Lo que fue durante siglos la cotidianidad del colonialismo, y ahora continúa inalterado en el neocolonialismo, lo podemos ver y vivir de cerca, sin las distancias geográficas: la vida de la mayoría de las personas no tiene valor alguno. El hecho de vivirlo aquí y ahora, bajo la luz dramática de una pandemia, hace que el rechazo a las dinámicas neoliberales ya no se limite a un grupo reducido de personas capaces de ver tras las miles máscaras del neoliberalismo (los llamados radicales, que tienen la culpa de ir a la raíz de los problemas rechazando las falsas soluciones), sino que se extiende rápidamente a la mayoría de las personas, a la sociedad en general.
Lo está viendo todo el mundo, lo está viviendo todo el mundo. En un cualquier evento futuro más dramático —piénsese en las consecuencias de la catástrofe climática que se acerca rápidamente a nuestro presente ante la inactividad suicida de los estados— la violencia de este sistema económico será infinitamente mayor. El COVID19 es un ensayo de lo que podría ser a escala amplificada.
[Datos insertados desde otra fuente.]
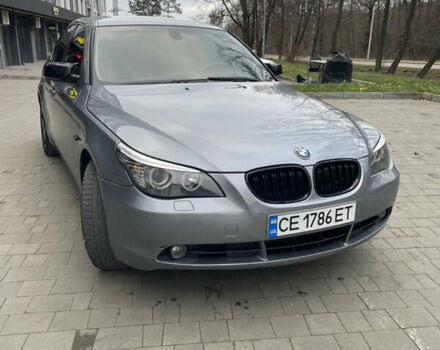 Сірий БМВ 5 Серія, об'ємом двигуна 2.99 л та пробігом 341 тис. км за 7499 $, фото 19 на Automoto.ua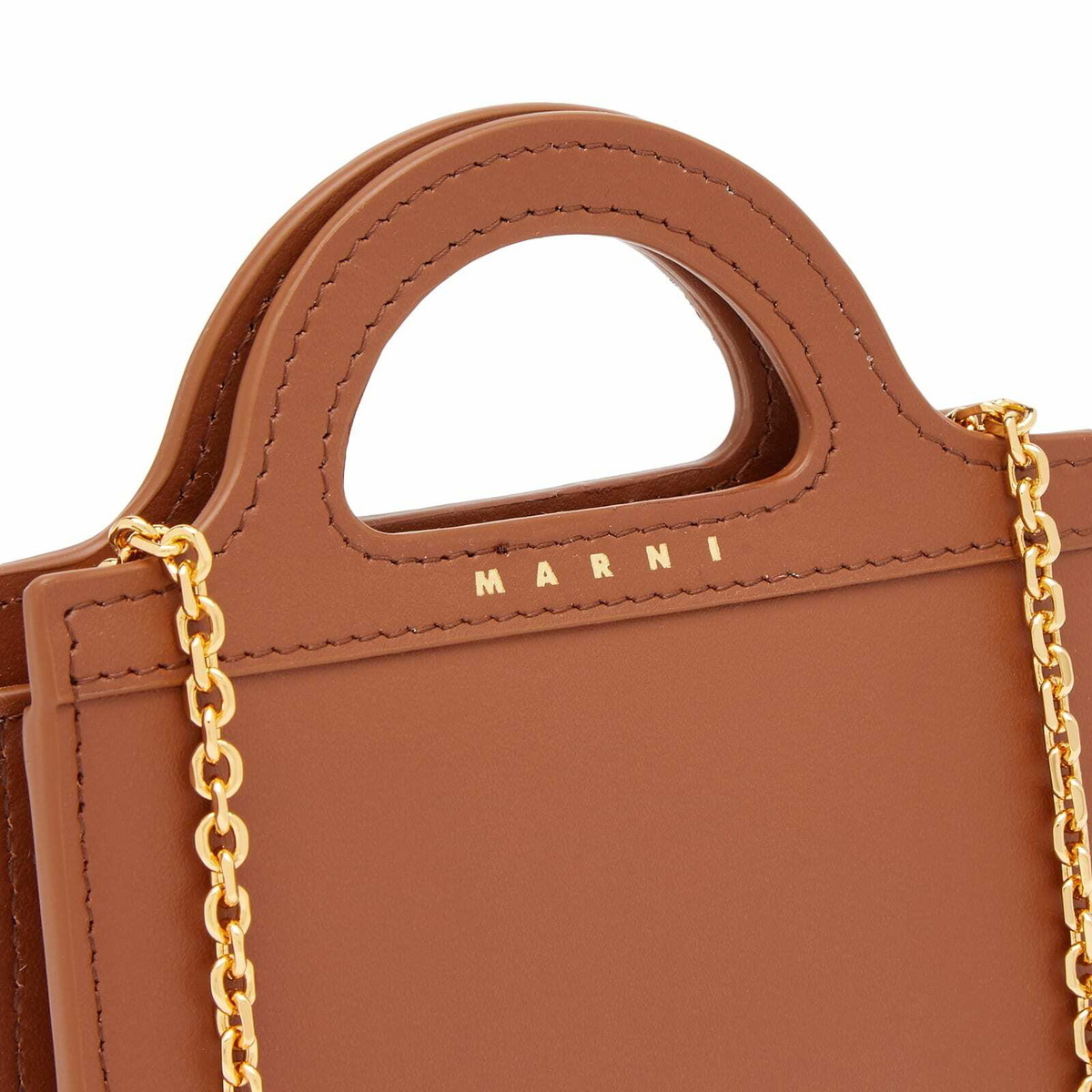 Mini Topstitch Detail Pocket Bag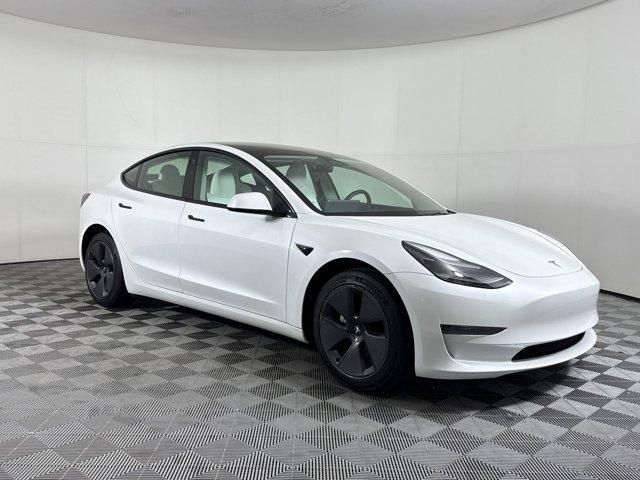 used 2023 Tesla Model 3 car, priced at $27,295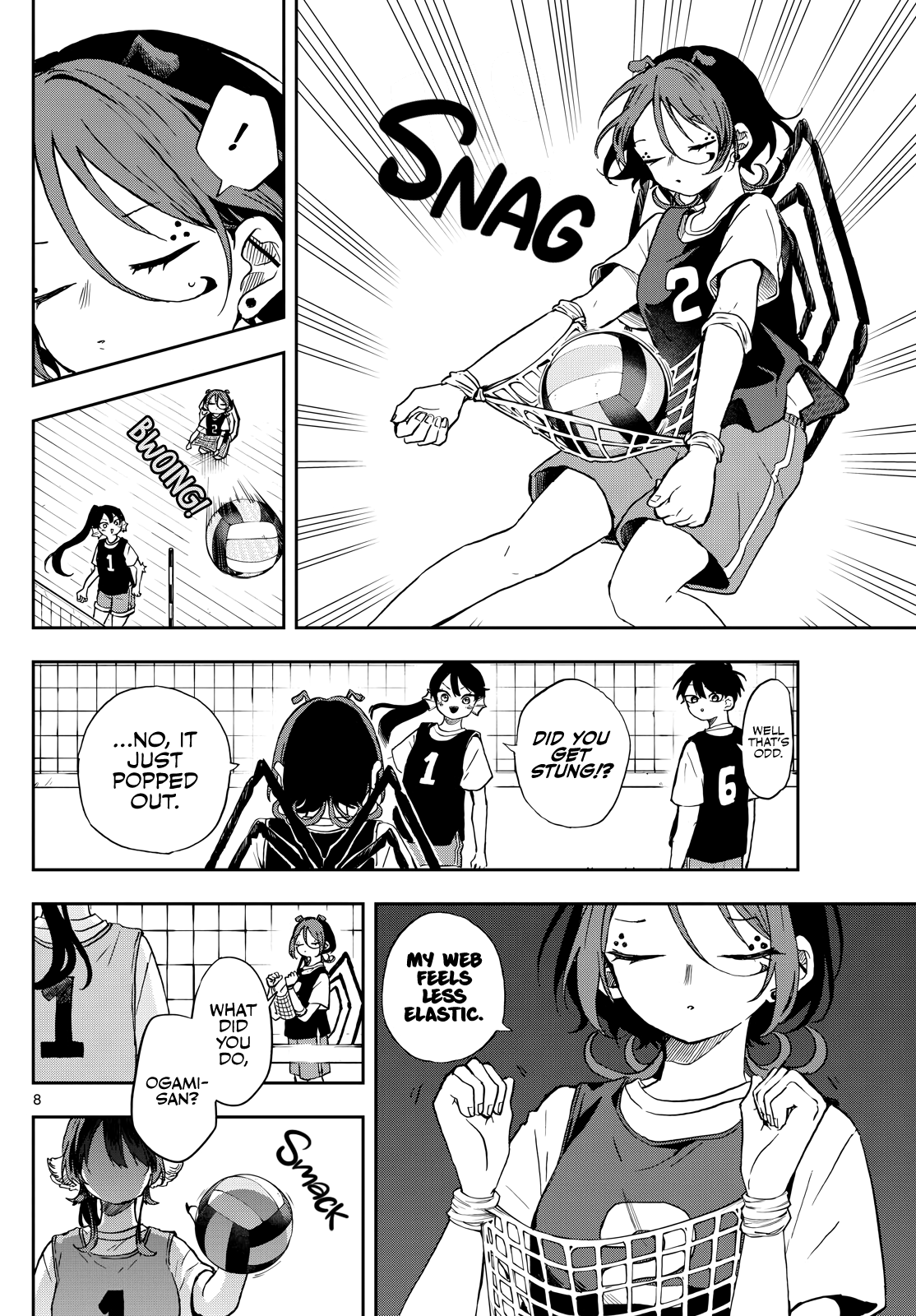 Tsumiki Ogami & the Strange Everyday Life Chapter 47 - Page 8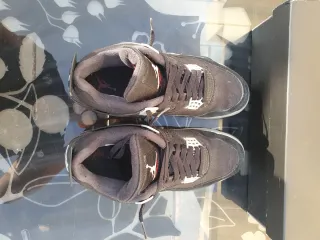 Jordan 4 Retro Black Canvas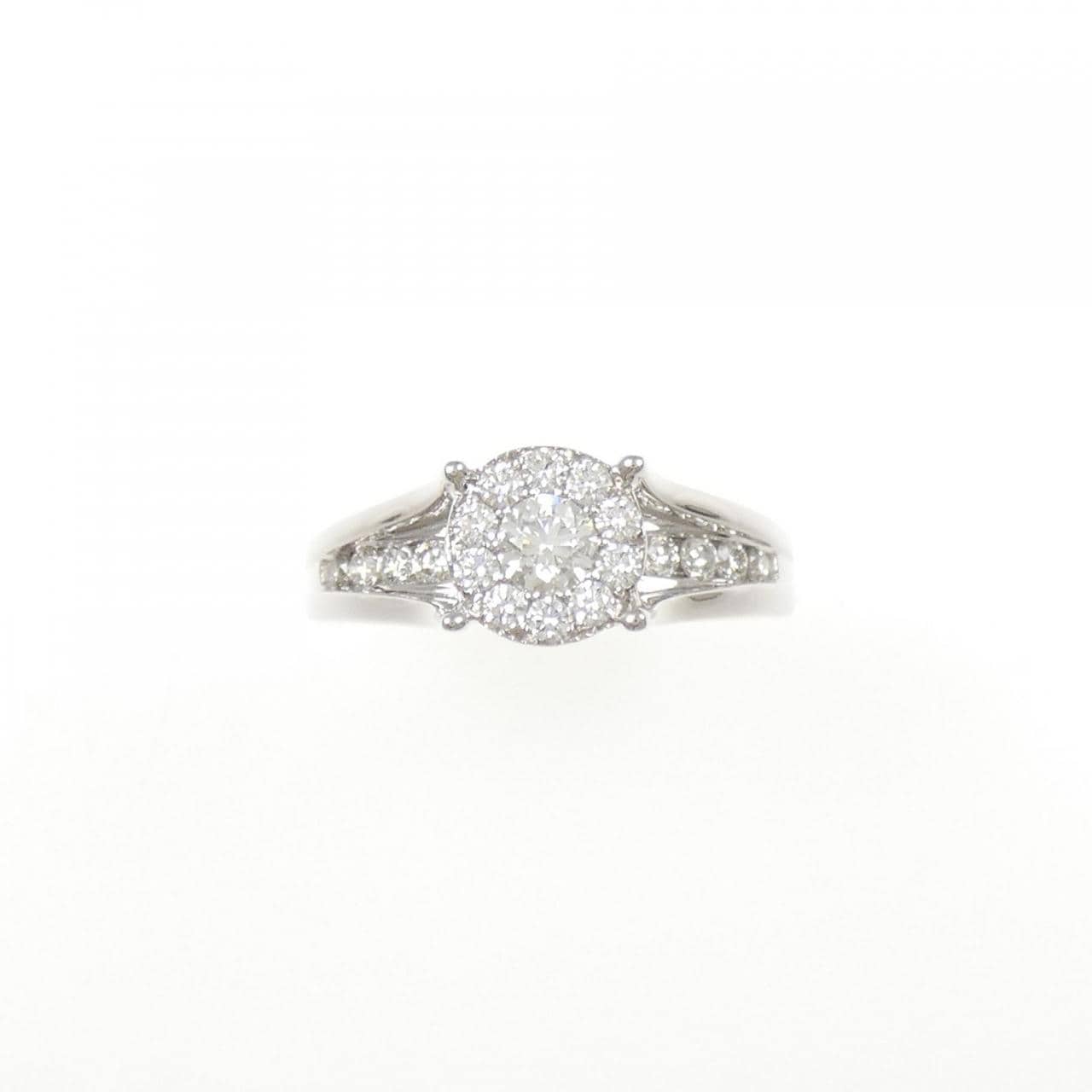 18KWG ダイヤモンド リング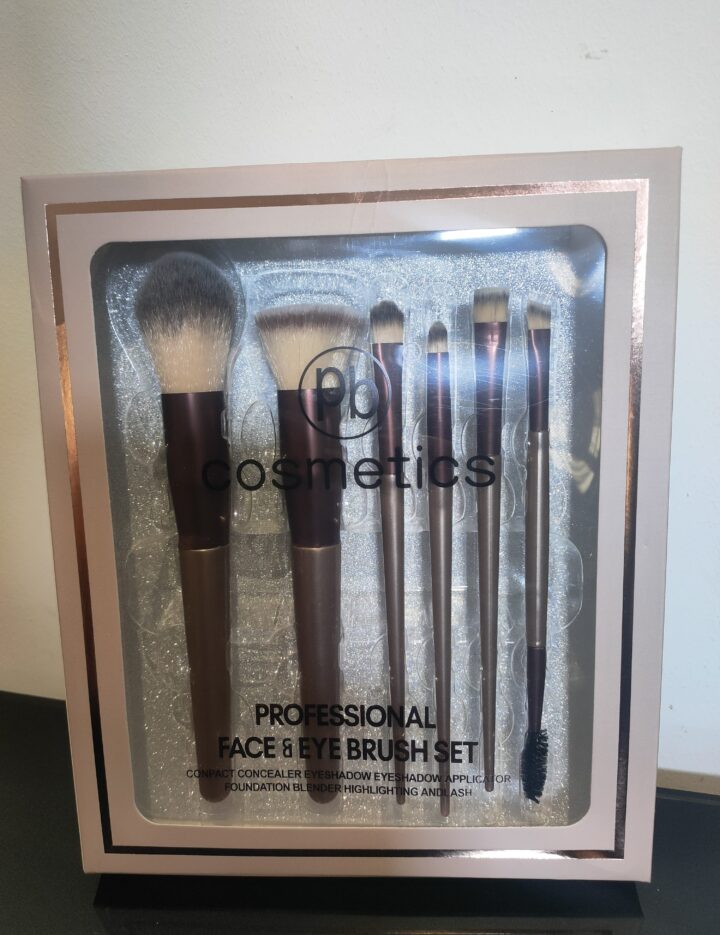 Juego de brochas de maquillaje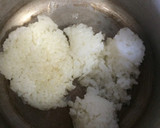 おなかにやさしい♪圧力鍋でとろ〜りおかゆ作り方1写真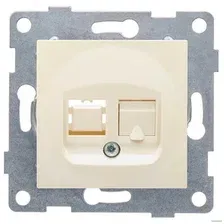 Розетка телефонная Gusi Electric Ugra С11Т1-003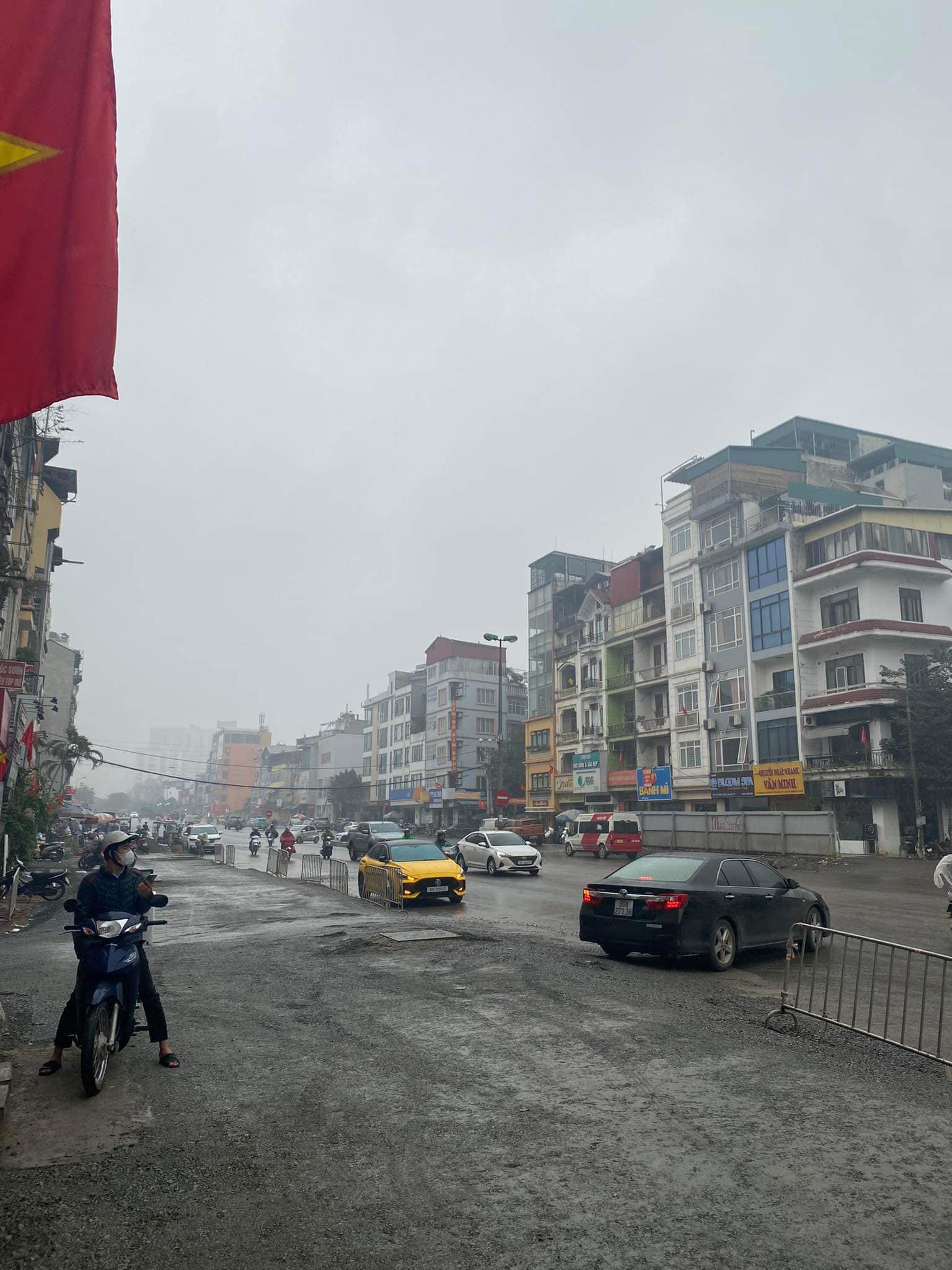 MẶT PHỐ KIM ĐỒNG – VỈA HÈ RỘNG – 6 TẦNG – KINH DOANH CỰC ĐỈNH – 56M² x 6T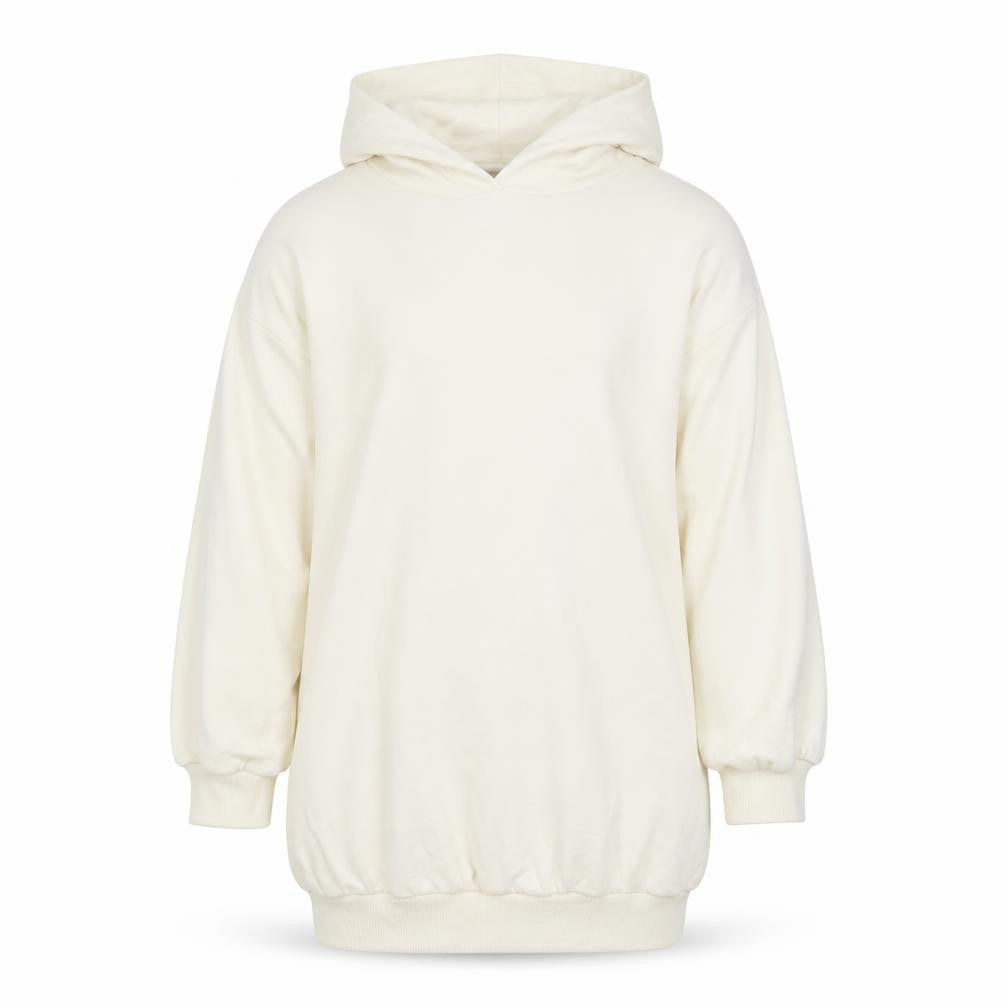 Next Girls Ivory Hoodie, Size 10 Years, Cotton Blend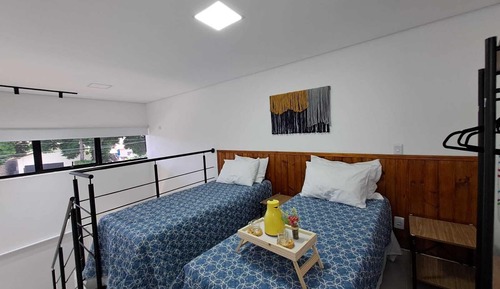 Habitación Deluxe con 2 camas individuales, vistas a la ciudad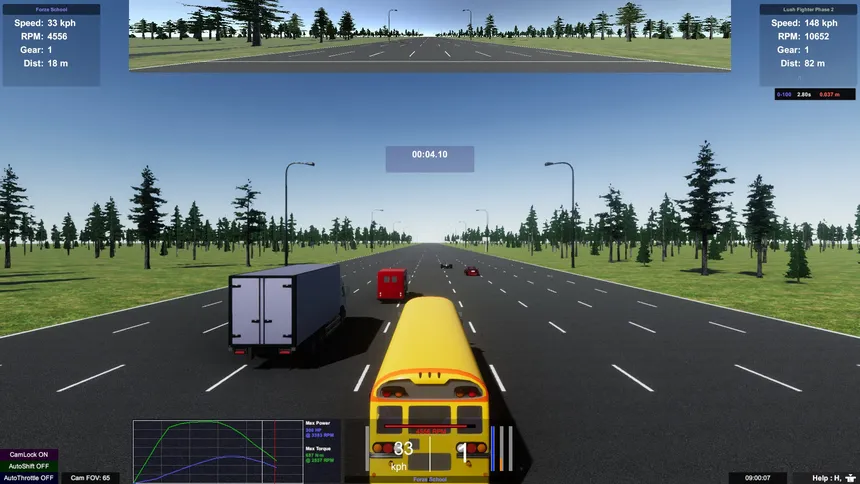 Скриншот 3 к игре MotorSim 3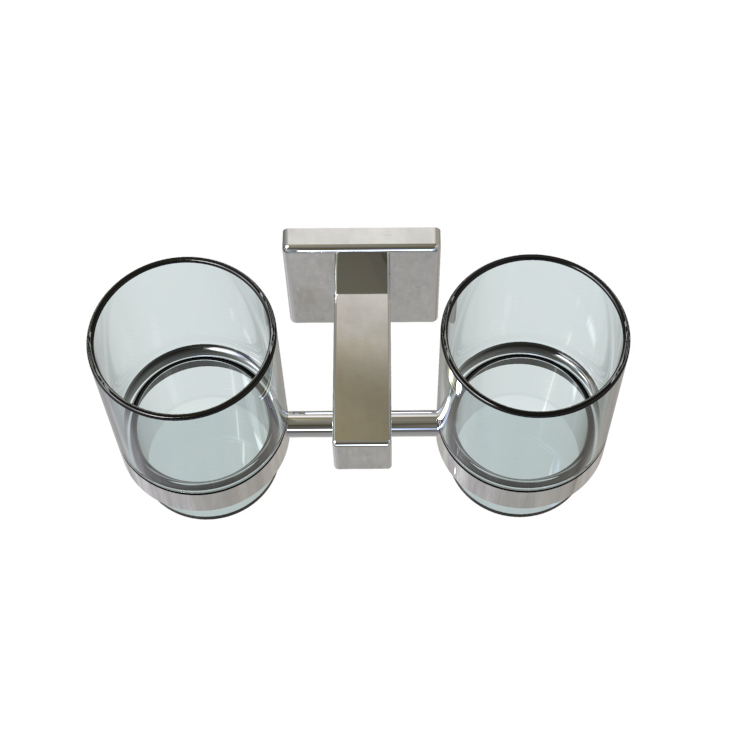 PC toothbrush cup holder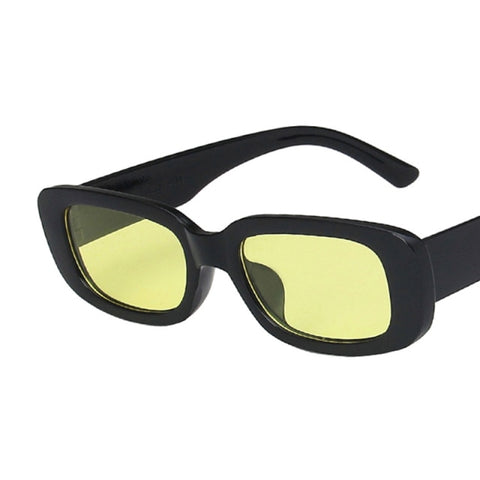 COOYOUNG Small Rectangle Sunglasses
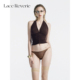 法式 性感蕾丝女士高开叉内裤 女生2026新款 「LR」禁欲朗姆 三角裤
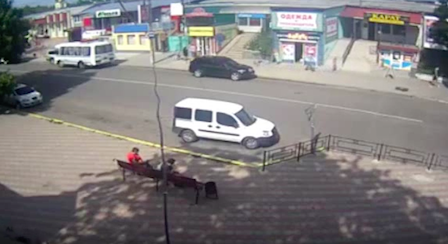 Свежие новости: Опубликовано видео ограбления ювелирного магазина в Вознесенске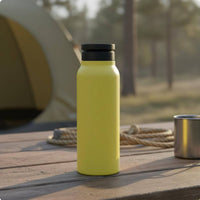 Lid Water Bottle 360 Rotation Water Bottle Easy-Snap Compatible Stainless Steel Sports Jug for Office Workers, Students, Outdoor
Tras el fin de la pandemia estaremos ante una encrucijada: la producción de una deriva autoritaria o el nacimiento de una sociedad cuyo elemento fundamental sea la vida
Tras el fin de la pandemia estaremos ante una encrucijada: por un lado podría producirse una deriva autoritaria de los estados, cuyo estado de alarma podría fácilmente convertirse en la norma para mantener con vida un sistema económico en estado terminal, protegiendo las grandes corporaciones: un estado de excepción permanente. Es un peligro concreto, que engendraría violencia.
Por el otro podrían germinar las semilla de la solidaridad y el apoyo mutuo presentes en la sociedad para dar vida a un cambio profundo: la organización de una sociedad entre iguales cuyo elemento fundamental sea la vida. Habrá vientos contrarios. La única forma de resistir a un viento arrasador es crear una resistencia compacta, repartiendo la fuerza contraria entre un elevado número de plantas. La participación sinérgica es esencial.